Perspectives

Stranger Things of Mickey Mouse: hoe traditionele mediabedrijven omgaan met disruptie


Comme je l’ai expliqué plus tôt ce mois-ci, la disruption est partout (se référer à l’article Cinq choses que tout investisseur doit savoir sur la disruption). Les entreprises historiques ont le choix : elles peuvent soit refuser les changements qui se produisent, soit s’adapter au nouvel environnement.

Face à l’augmentation apparemment inexorable des services de streaming tels que Netflix et Amazon Prime Video, les anciens piliers des secteurs des médias et des télécoms, dont AT&T, Comcast et Walt Disney, réagissent à la menace.

Les services de streaming (également appelés « over the top » ou médias OTT) ont contourné les canaux de distribution traditionnels pour diffuser à moindre coût du contenu via Internet à des tarifs d’abonnement mensuels bas. Leurs propriétaires ont également investi massivement dans leur propre contenu original.

Les vielles industries menacées

Pour les groupes de média et de télécommunications traditionnels, cela représente une concurrence féroce. Ils se sont retrouvés sur la ligne de front de la rupture, à l’instar d’autres vieilles industries comme le tabac (voir notre article Tout part en fumée : les compagnies de tabac frappées de plein fouet par le bouleversement de l’industrie).

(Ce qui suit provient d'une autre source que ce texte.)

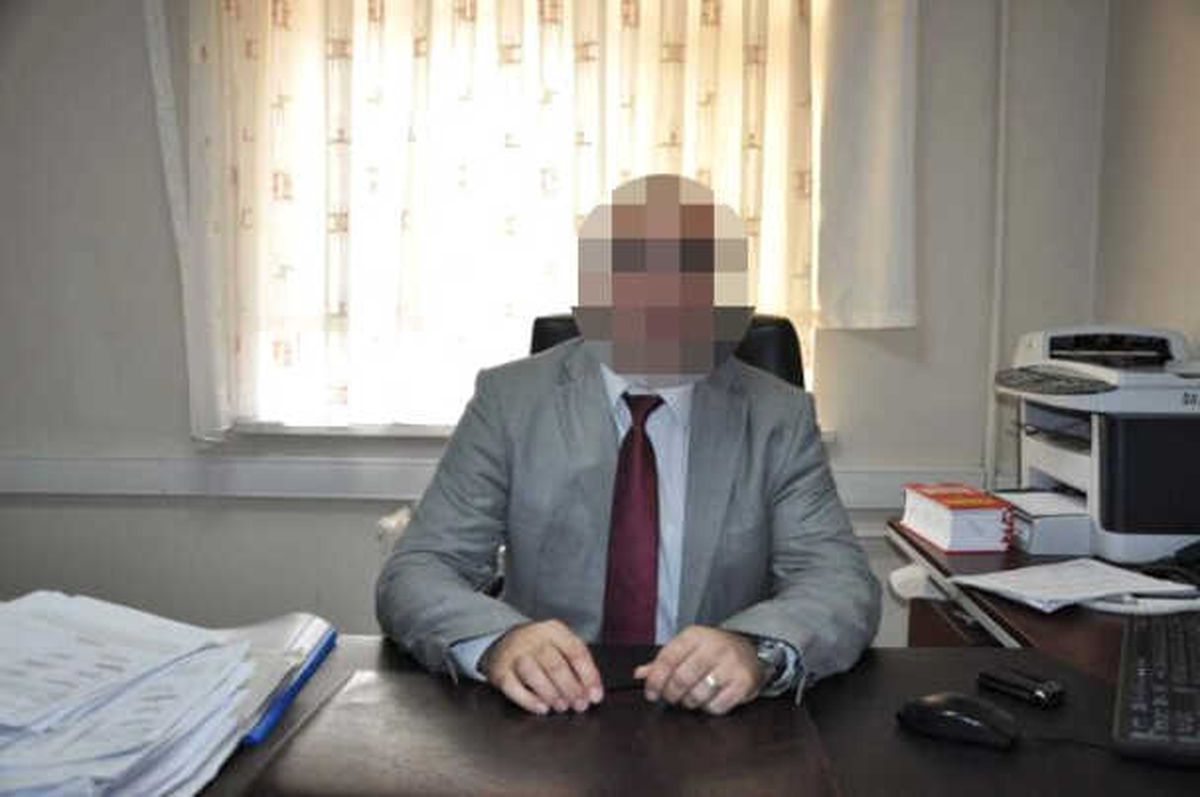 Eski Başhekim Fetö\'den Gözaltında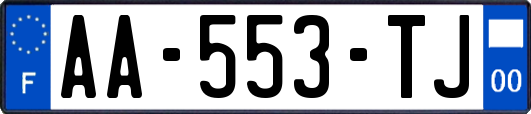 AA-553-TJ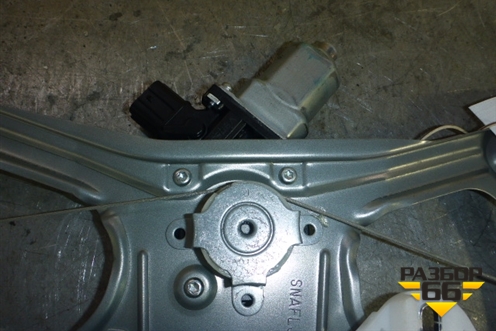 Стеклоподъёмник электрический передний левый (новый) (72250SNAA02) для Honda Civic 4D с 2006-2012г (Цивик)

Le graphique ci-dessous illustre certaines initiatives prises par la direction de Walt Disney afin de réussir son adaptation – et la réaction du marché boursier. La plus récente est Disney+, un nouveau service OTT qui devrait être lancé en novembre aux États-Unis, et peu après en Europe de l’Ouest. Disney+ viendra compléter les deux services OTT majeurs du groupe, la joint-venture Hulu et ESPN+.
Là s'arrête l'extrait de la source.